→ **Problem description**: Only the lines from the line containing "18K Yellow Gold, Diamond" to the end of the records, both included, belong in the answer, copied exactly.

━━━━━━━━━━

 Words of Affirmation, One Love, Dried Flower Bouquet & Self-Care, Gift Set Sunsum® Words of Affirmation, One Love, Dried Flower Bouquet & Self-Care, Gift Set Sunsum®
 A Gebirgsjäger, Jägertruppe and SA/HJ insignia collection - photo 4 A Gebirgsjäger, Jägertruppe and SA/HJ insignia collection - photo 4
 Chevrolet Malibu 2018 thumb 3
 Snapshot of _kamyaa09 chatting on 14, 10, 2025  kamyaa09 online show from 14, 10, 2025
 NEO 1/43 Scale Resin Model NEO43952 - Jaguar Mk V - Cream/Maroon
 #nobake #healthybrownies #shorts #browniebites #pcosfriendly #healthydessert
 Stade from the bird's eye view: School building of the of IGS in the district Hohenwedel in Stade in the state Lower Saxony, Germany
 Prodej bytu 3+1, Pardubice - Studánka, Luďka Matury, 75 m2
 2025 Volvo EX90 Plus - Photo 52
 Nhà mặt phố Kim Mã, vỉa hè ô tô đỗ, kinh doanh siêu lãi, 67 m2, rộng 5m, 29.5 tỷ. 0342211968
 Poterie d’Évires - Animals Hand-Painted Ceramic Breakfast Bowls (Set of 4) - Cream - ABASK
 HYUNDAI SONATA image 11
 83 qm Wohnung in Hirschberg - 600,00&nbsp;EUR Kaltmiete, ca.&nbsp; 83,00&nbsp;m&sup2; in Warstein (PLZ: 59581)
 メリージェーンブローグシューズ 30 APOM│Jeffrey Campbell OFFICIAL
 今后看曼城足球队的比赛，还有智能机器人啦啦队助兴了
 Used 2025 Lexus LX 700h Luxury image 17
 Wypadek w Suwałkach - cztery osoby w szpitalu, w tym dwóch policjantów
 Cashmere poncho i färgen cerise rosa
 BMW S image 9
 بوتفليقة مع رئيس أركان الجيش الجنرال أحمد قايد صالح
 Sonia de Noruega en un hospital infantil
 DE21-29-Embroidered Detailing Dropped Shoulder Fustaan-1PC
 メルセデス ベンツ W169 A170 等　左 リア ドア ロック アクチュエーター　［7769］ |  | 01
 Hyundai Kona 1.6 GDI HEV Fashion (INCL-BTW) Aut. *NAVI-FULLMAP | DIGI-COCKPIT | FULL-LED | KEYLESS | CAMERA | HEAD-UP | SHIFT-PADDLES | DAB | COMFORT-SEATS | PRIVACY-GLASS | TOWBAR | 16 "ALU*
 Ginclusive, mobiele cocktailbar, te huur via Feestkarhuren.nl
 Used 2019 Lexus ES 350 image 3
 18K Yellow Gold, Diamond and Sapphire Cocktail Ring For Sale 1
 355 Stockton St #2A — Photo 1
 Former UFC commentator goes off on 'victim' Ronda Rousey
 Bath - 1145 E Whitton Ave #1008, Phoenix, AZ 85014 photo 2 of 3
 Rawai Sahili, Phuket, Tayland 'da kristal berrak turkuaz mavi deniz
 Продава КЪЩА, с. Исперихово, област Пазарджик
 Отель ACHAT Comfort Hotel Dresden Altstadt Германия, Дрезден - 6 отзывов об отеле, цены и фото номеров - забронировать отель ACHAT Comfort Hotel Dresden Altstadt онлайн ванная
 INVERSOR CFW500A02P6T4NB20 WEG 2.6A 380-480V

━━━━━━━━━━

→ **Result of the task**:
 18K Yellow Gold, Diamond and Sapphire Cocktail Ring For Sale 1
 355 Stockton St #2A — Photo 1
 Former UFC commentator goes off on 'victim' Ronda Rousey
 Bath - 1145 E Whitton Ave #1008, Phoenix, AZ 85014 photo 2 of 3
 Rawai Sahili, Phuket, Tayland 'da kristal berrak turkuaz mavi deniz
 Продава КЪЩА, с. Исперихово, област Пазарджик
 Отель ACHAT Comfort Hotel Dresden Altstadt Германия, Дрезден - 6 отзывов об отеле, цены и фото номеров - забронировать отель ACHAT Comfort Hotel Dresden Altstadt онлайн ванная
 INVERSOR CFW500A02P6T4NB20 WEG 2.6A 380-480V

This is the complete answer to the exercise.